According to a report by Bloomberg, Wells Fargo & Co. has received federal approval for a $1 billion settlement in a shareholder lawsuit concerning unauthorized customer accounts. However, U.S. District Judge Jennifer L. Rochon greenlit the settlement after a hearing in New York, bringing the bank’s total payouts for the scandal to nearly $5 billion. The lawsuit, filed in 2020, accused former CEO Tim Sloan and other executives of misleading investors and the public about the bank’s regulatory interactions following a 2016 scandal.
The settlement ranks among the six largest securities class-action settlements of the past decade and the 17th largest of all time. Proceeds from the settlement will benefit investors who purchased Wells Fargo stock between February 2, 2018, and March 12, 2020. This comes after Wells Fargo had already agreed to pay $800 million in two separate lawsuits and $3 billion to resolve U.S. investigations into the scandal.
Criminal charges and penalties for former executive
Carrie L. Tolstedt, the former head of retail banking at Wells Fargo, is the only executive criminally charged in relation to the scandal, Cryptopolitan reported. Prosecutors have recommended a one-year prison sentence for Tolstedt for obstructing an investigation into the bank’s notorious fake accounts scandal. Tolstedt had pleaded guilty in May and agreed to a ban from the banking industry and a $17 million penalty. Her sentencing is scheduled for September 15.
Between 2002 and 2016, Wells Fargo employees opened approximately two million unauthorized deposit and credit card accounts, leading to $3 billion in penalties and a tarnished reputation for the bank. Tolstedt was accused of hindering the Office of the Comptroller of the Currency’s examination by failing to disclose crucial statistics and information. Federal prosecutors argued that a lenient sentence would not reflect the gravity
of her actions and emphasized the need for severe consequences to deter future corporate misconduct. Tolstedt’s legal team has yet to respond to the prosecutors’ recommendation but will have an opportunity to present their case at the upcoming sentencing hearing.
Wells Fargo’s path to redemption
Since the scandal broke, Wells Fargo has undergone significant changes, including reforming its compensation practices and replacing its chief executive twice. The latest CEO, Charlie Scharf, has indicated plans for substantial changes to regain the trust of regulators and the public. The bank’s efforts to resolve the scandal and make amends have been extensive, but the recent settlement and pending sentencing of Tolstedt serve as reminders of the long road ahead for full corporate rehabilitation.

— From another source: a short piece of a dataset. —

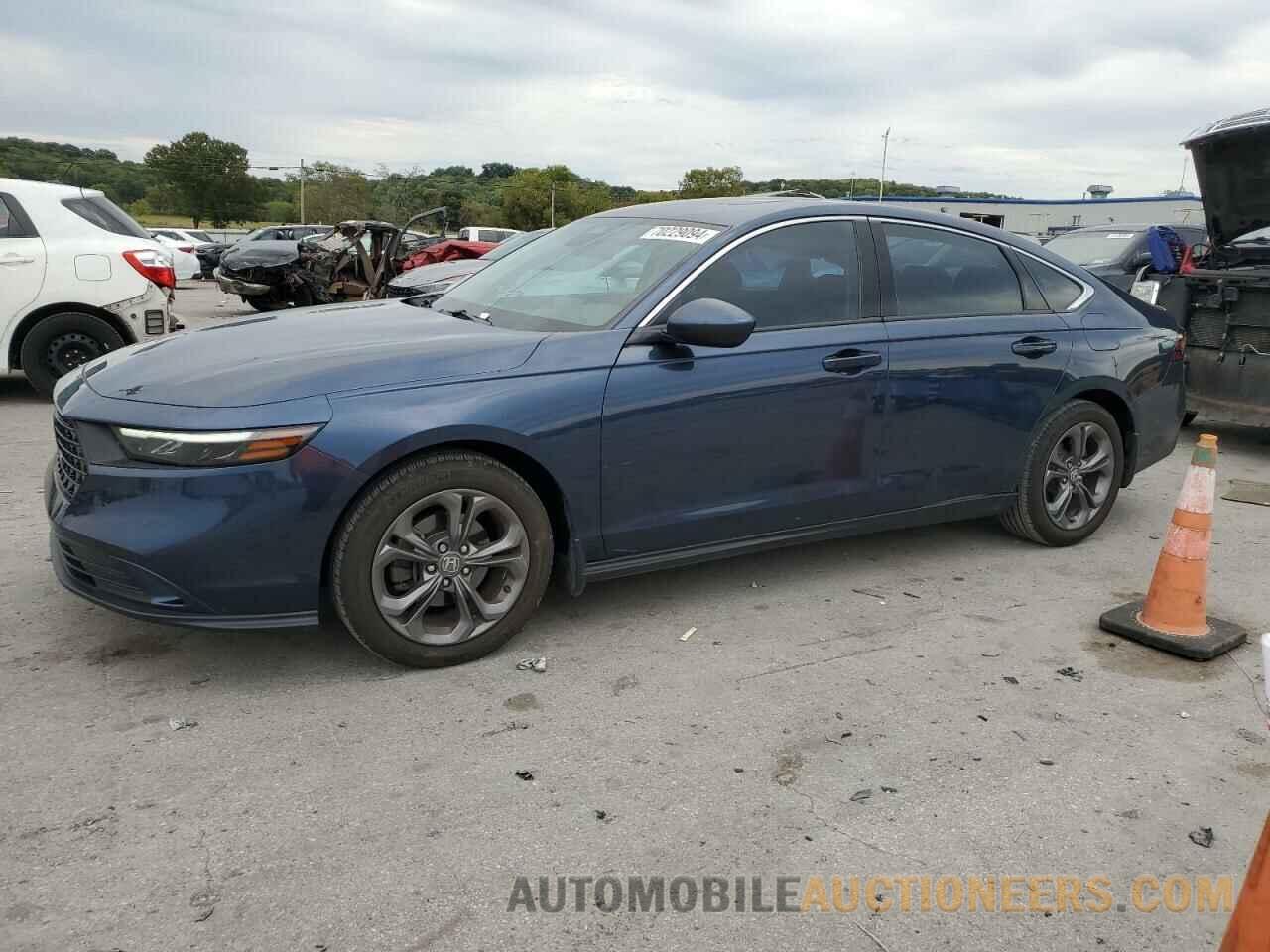 1HGCY1F3XPA017116 HONDA ACCORD 2023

In summary, the approval of Wells Fargo’s $1 billion settlement marks a significant chapter in the bank’s ongoing efforts to resolve one of the most significant banking scandals in modern history. The settlement will benefit a class of shareholders and adds to the bank’s growing list of financial penalties related to the scandal. Meanwhile, the criminal charges against former executive Carrie L. Tolstedt highlight the personal accountability that can come with corporate malfeasance. As Wells Fargo continues its path to redemption, these developments serve as cautionary tales for the banking industry at large, emphasizing the high stakes involved in corporate governance and regulatory compliance.